BNY Mellon has launched “Global Trends in Investor Relations 2015: A Survey Analysis of IR Practices Worldwide” (tenth edition), based on the responses of 550 participants from 54 countries. This is now the market’s longest-running and most comprehensive survey of investor relations best practices.
Key findings of the study include:
- The percentage of company board members meeting with investors doubled, rising from 24% in the 2013 survey to 49% in 2015. Respondents also report that senior managers are increasingly part of those meetings, with 55% saying senior execs are involved, compared to just 43% in 2013.
- The five most strategically important countries in the next five years for new sources of investment capital are the U.S. (91%), the U.K. (76%), China (50%), Germany (45%), and Singapore (44%). Japan fell from fourth to sixth place between the 2013 and 2015 surveys.
- The upward trend in outreach to sovereign wealth funds continues, with 65% of participants reporting engagement with SWFs during the past 12 months, up from 57% in 2013. Norges Bank Investment Management (42%), Government of Singapore Investment Corporation (38%), and Abu Dhabi Investment Authority (30%) remain the top three SWFs engaged with by global companies.
- IROs conduct 40% more one-on-one investor meetings when their performance is linked to their pay, companies reported.
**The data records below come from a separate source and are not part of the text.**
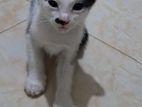 Cats for Kind Home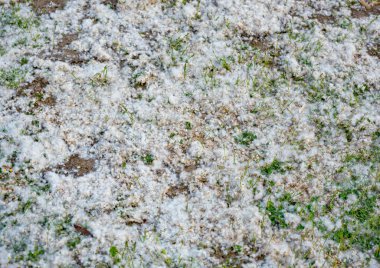 açık havada yere tüy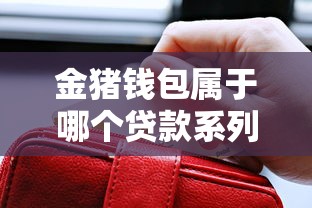 金猪钱包属于哪个贷款系列口子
- Thirty-percent of companies reported reaching out to socially responsible/ESG investors, up from 26% in 2013. Those that do cite primary reasons are to target long-term investors and to diversify their shareholder base. Since 2010, survey results have shown a continuous decline in outreach to retail investors by CEOs, CFOs and IROs. Data suggests that, given time constraints, companies increasingly focus on institutional investors as a more efficient use of their resources.